#### TASK OBJECTIVE:
Below are some entries. Copy each line that holds the string "with".

#### DATA FOR THIS TASK:
* * *

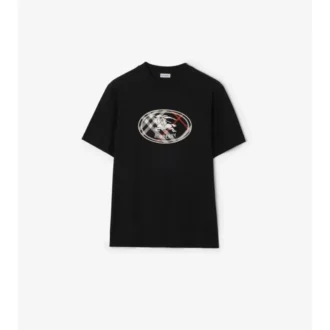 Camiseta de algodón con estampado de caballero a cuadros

* * *

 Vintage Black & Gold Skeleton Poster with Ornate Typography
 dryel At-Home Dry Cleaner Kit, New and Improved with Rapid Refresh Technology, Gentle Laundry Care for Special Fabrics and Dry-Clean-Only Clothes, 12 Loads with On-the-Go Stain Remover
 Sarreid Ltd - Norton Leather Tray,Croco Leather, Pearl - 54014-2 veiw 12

* * *

#### RESPONSE FOR THIS EXERCISE:
 Vintage Black & Gold Skeleton Poster with Ornate Typography
 dryel At-Home Dry Cleaner Kit, New and Improved with Rapid Refresh Technology, Gentle Laundry Care for Special Fabrics and Dry-Clean-Only Clothes, 12 Loads with On-the-Go Stain Remover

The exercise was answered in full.